Inliner should update the branch_weights annotation to scale it to proper value.
Do not use double here and instead specify it as a fraction.
What are the assumptions on the MD_prof metadata here? Could you assert V here? If it is indeed possible that ith operand is not constant int, could the next operand be constant int (in which case you shouldn't return here)
Document this method. Also, perhaps choose a more meaningful name.
No need to keep track of the cloned blocks and update the calls inside them. VMap also includes the instructions - so just check if they are calls and update the weights.
There is a subtle issue here. Let's say there is a block in the callee that is not executed in this call context and that block has a call instruction. You'll still be reducing the weight of that call even though you haven't cloned it. Similar issue does exist in updating the bfi incrementally, but that's okay because BFI does get recomputed later. In this case, once the weight gets incorrectly updated it remains so forever. What you should be doing is update the weights only when the call has been cloned.
This code that gets either the metadata weight or the block weight should be refactored and moved out of here.
This gets confusing. You're now updating the entry count based on the metadata. When sample profile is used, is it expected that the sum of the calls' profile weights equal the entry count? Do you smooth out the entry count based on call instructions' profile weight when you initially load the profile. In any case, more comments are helpful.

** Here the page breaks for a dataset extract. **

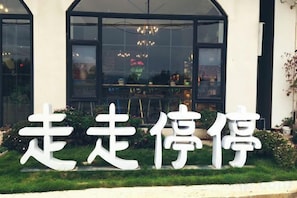 A storefront with large white Chinese characters, a glass window, and a green lawn. - Dali Zouzou Tingting Seaview Inn (Dali City)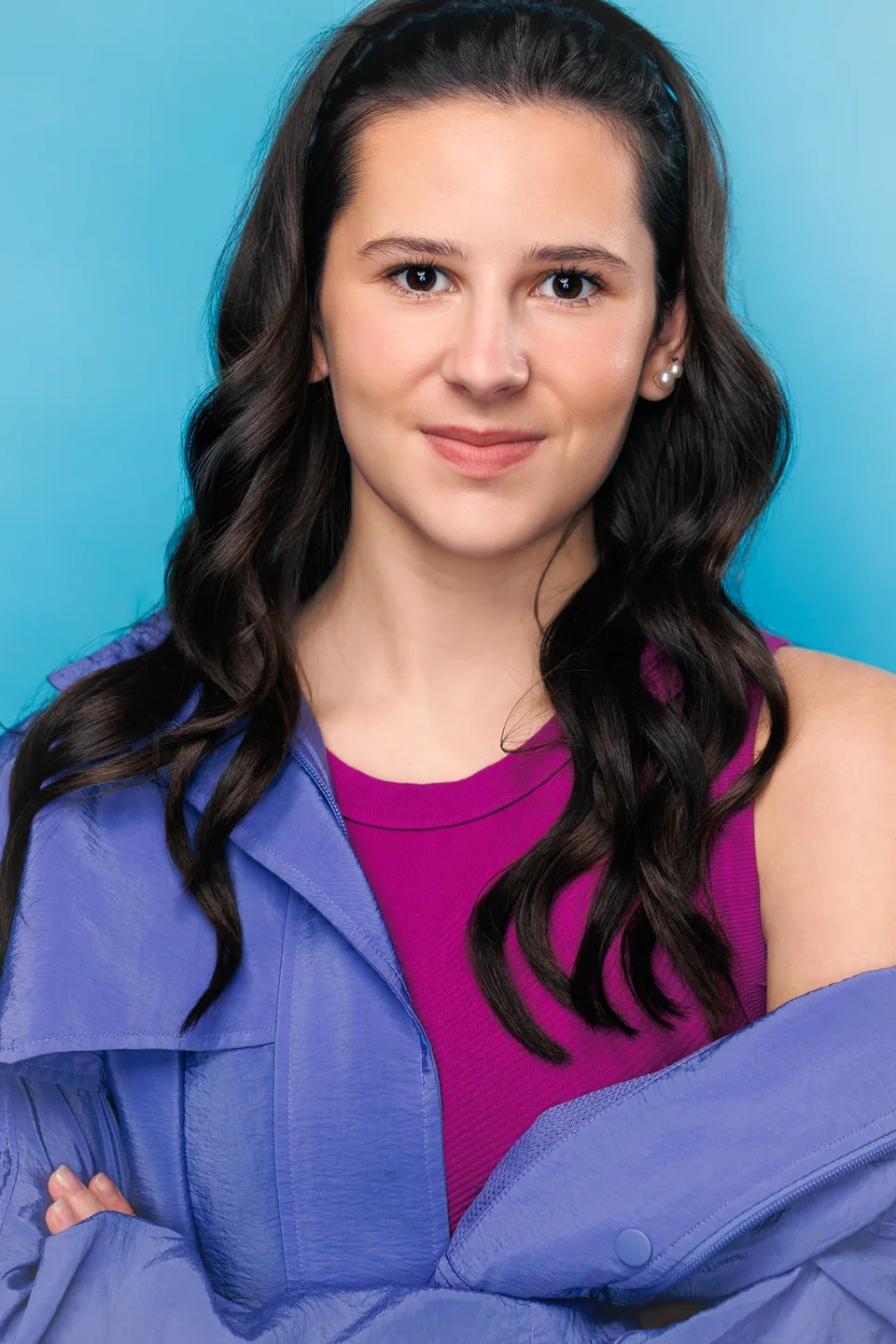 Ella in a fuchsia blouse against a blue studio background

Please expand this test or add a new test case to handle more complex cases where some calls are not cloned into the caller.
For counts from instrumentation based profile, I use a 128 bit APInt to do the arithmetic and then educe it to 64 bit. In this case, since the values being multiplied are sample profile weights, I suppose the likelihood of Val * S overflowing 64 bits is very small and the APInt may be unnecessary. Even then, use saturated multiply so that the values are at least sensible even in the unlikely case of overflow.

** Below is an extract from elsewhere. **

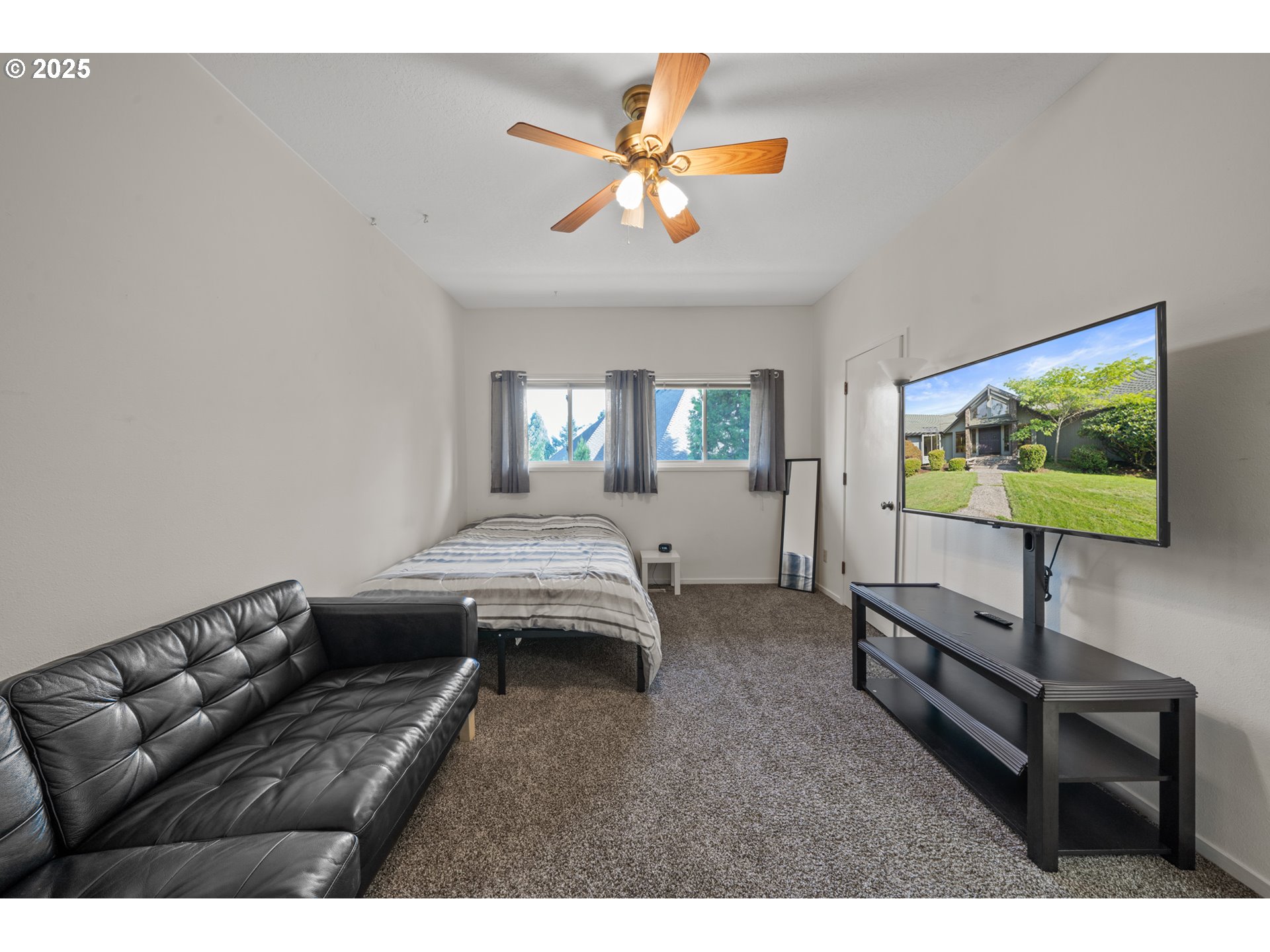 14330 Southeast Donatello Loop Happy Valley, OR 97086 - Photo 21 of 45 a living room with furniture and a flat screen tv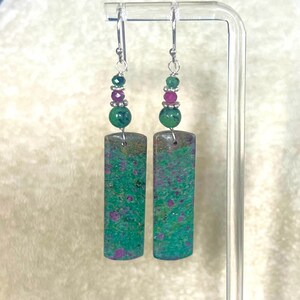 May include: A pair of dangle earrings with a rectangular, green and purple stone pendant. The earrings have a silver hook and are adorned with green and purple beads. The earrings are displayed on a clear stand.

You have to check if Entry.second is a call. It is possible for call instructions to be simplified to a value during the cloning.
Useful to add a comment as to why this is done only when the instruction is in VMap.
Nit: I prefer writing comments to explain why I expect the values in the CHECK statements. This helps anyone trying to modify the test later.
Perhaps it is not clear above, but SaturatingMultiply may be sufficient in your case. I'm ok with using APInt as well as in the most common case (multiplication result fits within 64 bits), the division is not expensive. Perhaps add a comment above the udiv stating that this could potentially be expensive, but most likely the product is going to fit within 64 bits.
The check above is not needed. After all, if the block is reachable in the call context, all instructions inside are reachable too. But there is one tricky case. Let's say that a call has been simplified into a value (this can happen during pruning), Should you update the call count or not? If you should not update, then the check above should be isa<CallInst>(VMap.Count(CI)). I think updating is the right thing here though.
If X is Optional, please use X.has_value() to check if it has value and X.getValue() to check for 0 value.
Do you mean to use !CalleeEntryCount.has_value()?
I'm confused, do you mean to test if CallSiteCount has no value or it has a value of 0?
Isn't it redundant to check ptr != nullptr?
Is there any chance that Entry.second is NULL and what happen on (*Entry.second) in that case?
It indeed happened once when I compile large code, that's why I added this check. I'm not familiar with cloning code, Easwaran may have some insights on why this could be nullptr? Or it's a bug in function clone?
The prof count only attaches to branch instructions. For the case you mentioned, it's already checked by the "if (CallInst *CI = dyn_cast<CallInst>(&I))", thus I simply removed the second check.